Als neuer Vorsitzender des Isartalvereins kümmert sich Martin Kiechl um den sensiblen Flussbereich von der österreichischen Grenze bis in den Norden Münchens. Der 67-Jährige setzt auf Ausgleich und Kooperation, um Naherholung und Naturschutz unter einen Hut zu bringen.

Von Udo Watter

Manche Adressen passen einfach. Der Firmensitz von Biontech in Mainz etwa ist "An der Goldgrube 12". Die Straße im Baierbrunner Ortsteil Buchenhain, an der Martin Kiechl, der neue Vorsitzende des Isartalvereins, wohnt, heißt "Am Georgenstein". Den eindrucksvollen Felsblock im Flussbett der Isar sieht man von hier aus zwar nicht, aber man muss nur einige Meter östlich über die Bundesstraße Richtung Hangkante schlendern und schon findet man eine Stelle, an der man einen grandiosen Blick hinab auf den Fluss und den Georgenstein hat, der einst bei den Flößern gefürchtet war. Schon als Bub ist Kiechl hier oft entlang gestreunt, auf dem Weg zur nahe gelegenen Baierbrunner Grundschule. Und sein erster Aufsatz hieß: "Ich habe den schönsten Schulweg der Welt."

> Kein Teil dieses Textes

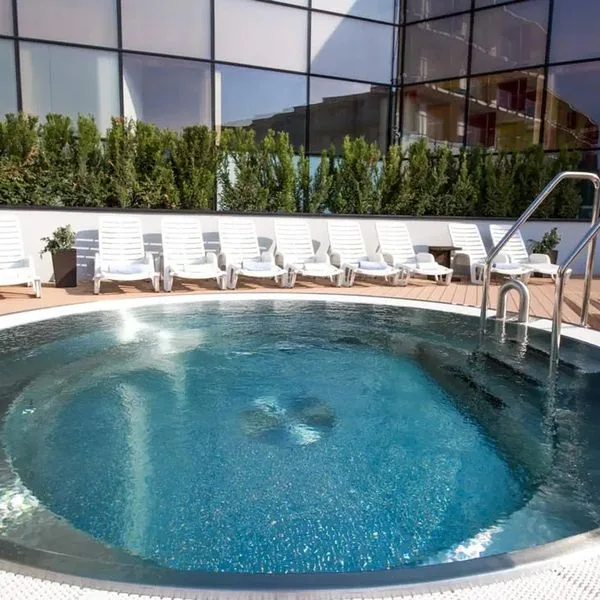 Aquarius SPA - zdjęcie 2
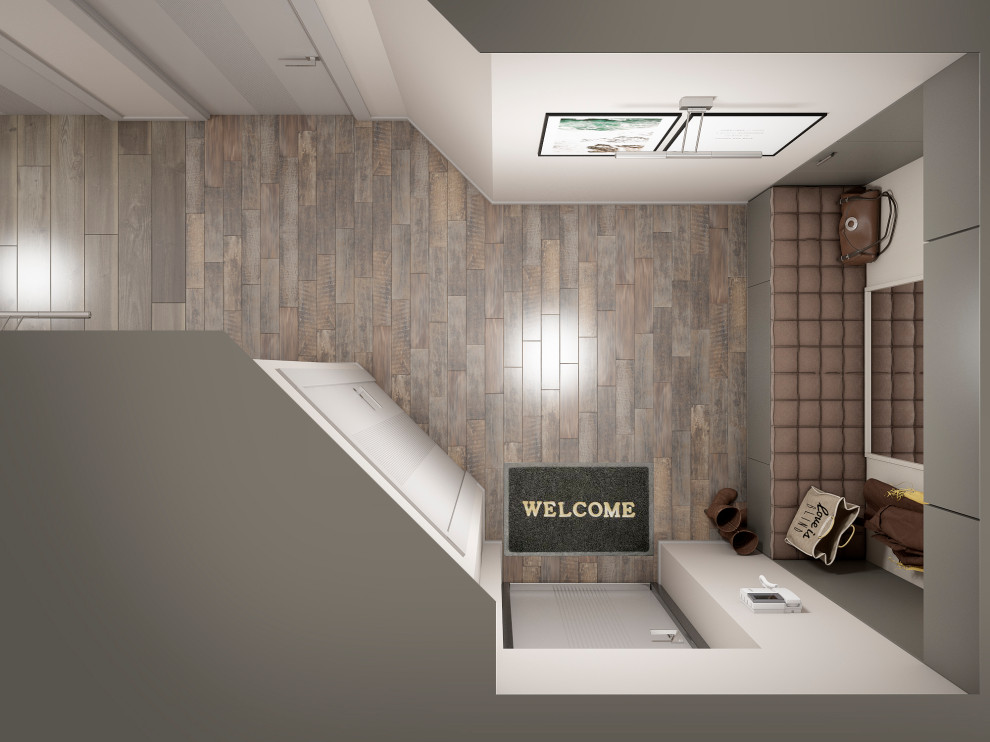 Тропическое настроение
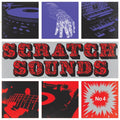 Dj Woody - Scratch Sounds No.4 (rock Box) - Vinyl Record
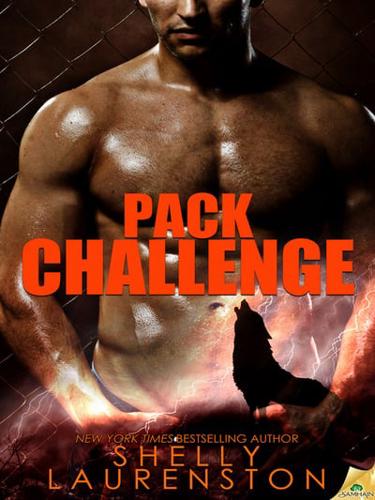 Pack Challenge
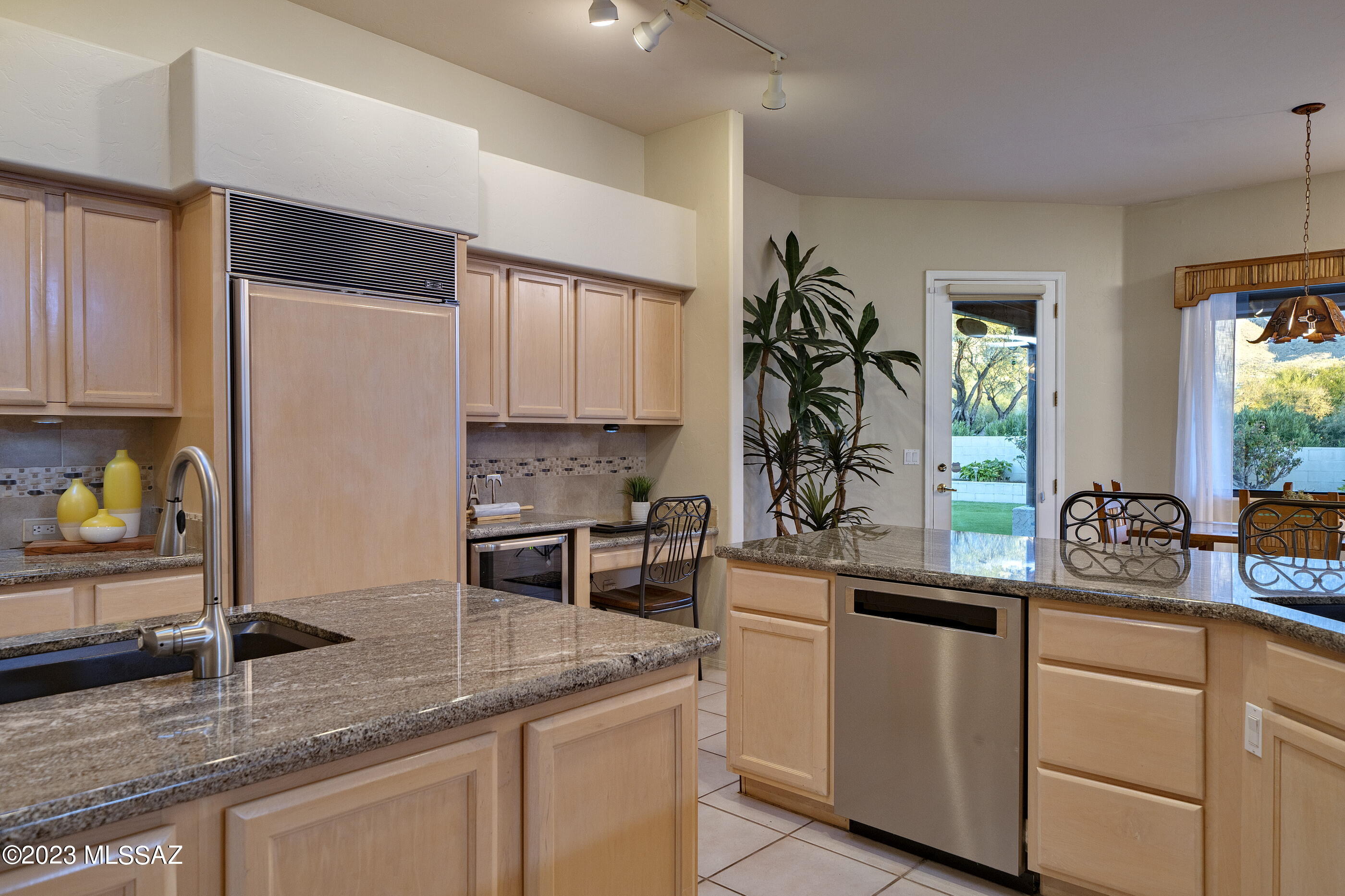 Oro Valley Heights (1-45) - Residential
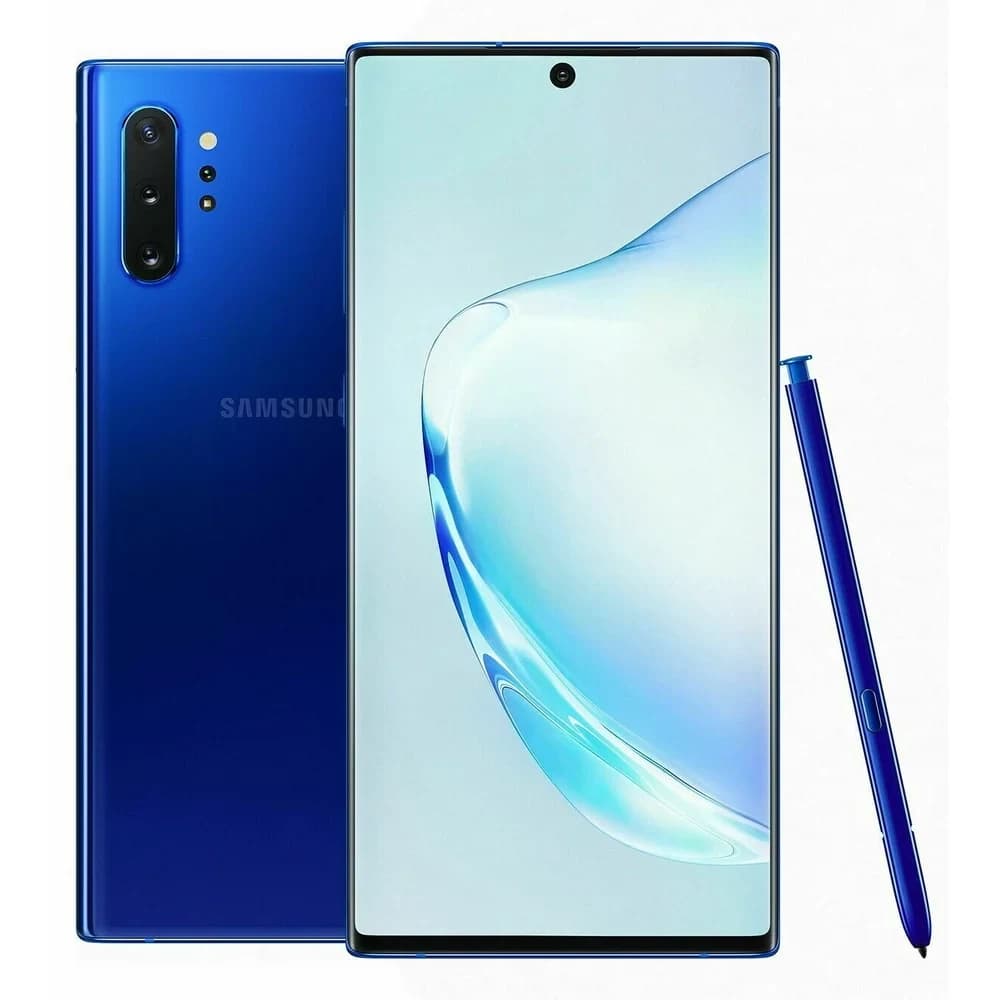 Galaxy Note 10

Dass diese Strecke und darüber hinaus der ganze Flussbereich vom Oberen Isartal an der österreichischen Grenze bis in den Norden Münchens schön bleibt (oder noch schöner wird), das liegt nun auch in der Verantwortung Kiechls. Der 67-Jährige ist seit Jahresbeginn erster Vorsitzender des Isartalvereins und hat damit die Nachfolge von Erich Rühmer angetreten, der den Verein 17 Jahre lang mit großem Engagement und Erfolg leitete. Dass die Fußstapfen groß sind, die Rühmer, der auch 28 Jahre lang Bürgermeister von Schäftlarn war, hinterlassen hat, ist Kiechl bewusst: "Ich habe einen Riesenrespekt vor der Aufgabe, freue mich aber auch drauf, weil sie so vielfältig ist."

Rühmer selbst hat den gebürtigen Münchner Kiechl davon überzeugt, für den Posten anzutreten, die zwei kennen sich schon lange, unter anderem aus der Zeit, als sie Jugend- respektive Schülertrainer der Fußballabteilung des TSV Schäftlarn waren. Kiechl, der Maschinenbauingenieur und Studiendirektor ist und viele Jahre die Stahlgruber-Stiftung in München leitete, hat sich denn auch, obwohl er zunächst nicht den ersten Vorsitz anstrebte, "vom lieben Erich" überzeugen lassen. Ihm zur Seite steht, ebenfalls vom Ausschuss gewählt, als zweiter Vorsitzender Josef Kellner aus Egling, Schatzmeister wird Peter Bromberger.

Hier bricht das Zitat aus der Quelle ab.